The writers of “The Flash” have regurgitated the same shallow, feel-good comic adaptation that got the Tobey Maguire Spider-Man franchise in trouble. It lacks any sense of genuine character development or authentic emotions, even in the face of death and heartbreak.

What’s worse, despite existing in a fictional realm full of irrational events, “The Flash” manages to make less sense as each episode airs. “The Flash” robs villains of their actual origin stories, in direct contrast to Gotham’s singular backstory done in style and composure. 

“The Flash” slaps viewers with lazily united backgrounds, as all super powered characters stem from the same nearly impossible event. It is not limited to just the Flash — somehow dozens of mentally unstable criminals are afforded the same impossibility. 

As for the women in “The Flash”, viewers are left confused. Dr. Caitlin Snow, arguably the main female character, played by Danielle Panabaker, only speaks up to mention her latehusband or to express her concern for Barry Allen (Flash). “The Flash” stays in most viewers’ comfort zone, only allowing women to serve limited and helpless roles. 

Viewers are asked to invest in a TV show that includes shockingly few women. Central City, in contrast to Arrow’s Starling City, is a ‘50s-esque, light-hearted metropolis stricken with petty criminals and vapid females who are saved by well-to-do white heroes. 

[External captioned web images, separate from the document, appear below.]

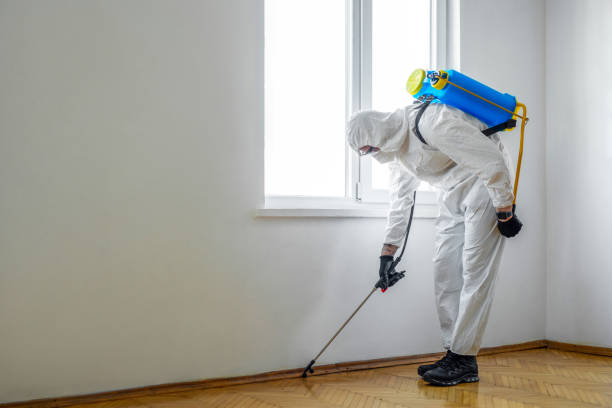 Best Pest Prevention Services  in Talent, OR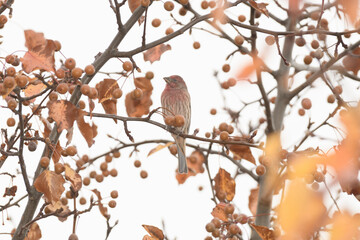 A house finch bird perched on a bracnh with fall colors in the background.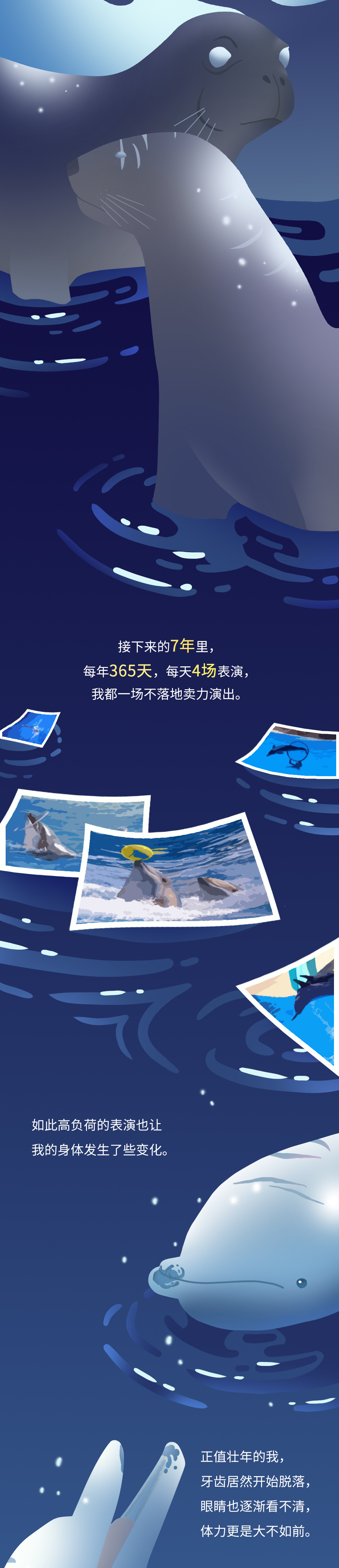 海豚娱乐棋牌苹果版星辰棋牌娱乐app苹果版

“Flash” not only fails to employ female characters evenly, they forgo reasonable depictions of the only two lead women they bother including at all. Iris (Flash’s love interest and now, oddly, his adopted sister) and Dr. Snow (co-scientist at STAR labs) rarely receive any amount of prolonged or meaningful screen time. When they are briefly in a scene, they are often defined or accompanied by their love interest or the Flash himself. 

Dr. Snow’s storyline, widely interpreted as the origins of ice-villain Killer Frost, offers little significance at this point. As creators have decidedly chosen, Dr. Snow receives virtually no screen time to develop either her current bio-engineer persona or her more exciting Killer Frost incarnation.

The lack of women in “The Flash” is not just bizarre—it appears downright purposeful. 

“The Flash” airs every Tuesday on CW at 7 p.m. C.T.